PDF THE WINTER SOLSTICE

THE WINTER SOLSTICE December 20, 2011

By Michael Erlewine (Michael@)

As my family knows, I am the serious party-pooper when it comes to celebrating New Year's Eve. I can't remember when I last stayed up until Midnight to welcome in the New Year. It just never interests me. I much prefer to sleep that through and get up early and welcome the dawn. Sunrise is my time.

However, I feel very differently when it comes to the solstices. I am even quite reverent in regard to both the Winter and Summer Solstice and always observe them. To me they really are special times.

This word "observe" is a funny one and I only began to understand this use of it by studying the Tibetan Buddhist calendar. In Tibet, until recently, they did not observe Saturdays and Sundays as special or as days off. Instead they observed New and Full Moons plus various other solunar events in the month. They took these days off. Imagine that. No weekends, but days off based on natural astronomical events!

Setting aside a day like the New or Full Moon as a day for observation was a new concept for me. Well, by now it's been something like fifty years. The whole idea of setting time aside to observe your mindstream was simply a new idea, but one I intuitively warmed to. So much the more when it comes to the two great turning points in the year, the Winter and Summer Solstices. I measure my year by those two peaks.

If we study ancient civilizations, the year did not turn on the January 1st, but rather on the winter and summer solstices. There are hundreds of sites that celebrate the solstices, some of the more well-known ones being Glastonbury, Chichen Itza, the Temple of Karnak, Newgrange, and Easter Island.

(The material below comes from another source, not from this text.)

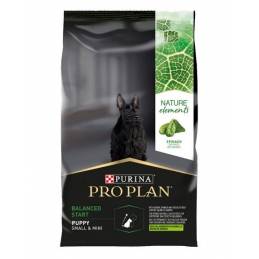 Purina Pro Plan Small & Mini Puppy Balanced Start Jagnięcina 700G+700G Gratis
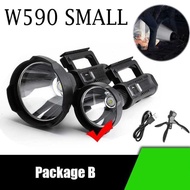 SENTER SOROT SUPER BRIGHT SUPER TERANG W591 BIG LAMP LED - URBAN SURVIVE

If the Summer Solstice is equivalent to the Full Moon of the yearly cycle, then the Winter Solstice is the New Moon of the Year, a much more sensible point in time to indicate the start of a new yearly cycle since astronomically this is the actual turning point of the Sun's influence with the Earth. The winter solstice is the point of rebirth of the Sun each year.

In many traditions, the winter solstice marks the victory of the Sun over the increasing darkness and the beginning of its march northward toward summer and light. This is the turning point and it also marks the first day of winter. In most ancient societies the winter solstice was celebrated as the beginning of the New Year, often called winter's night -- the rebirth of the Sun. At the winter solstice is released the seed impulse for the next yearly cycle. It begins again.

This winter solstice will occur at 12:30 AM EST Thursday December 22nd, so Wednesday December 21st will be the New Year's Eve for rest of us, all the Wiccans, Druids, Celtics, and the so-called pagans and heathens. I don't generally consider myself as belonging to those groups, but when it comes to artificial holidays and calendars, I can't use them.

I follow the ancient (and for me more natural) days of celebration like the New and Full Moons, the Equinoxes, and especially the Solstices. Every year I look forward to the moment when the Sun overpowers the darkness and begins its journey toward summer. I take joy in that event.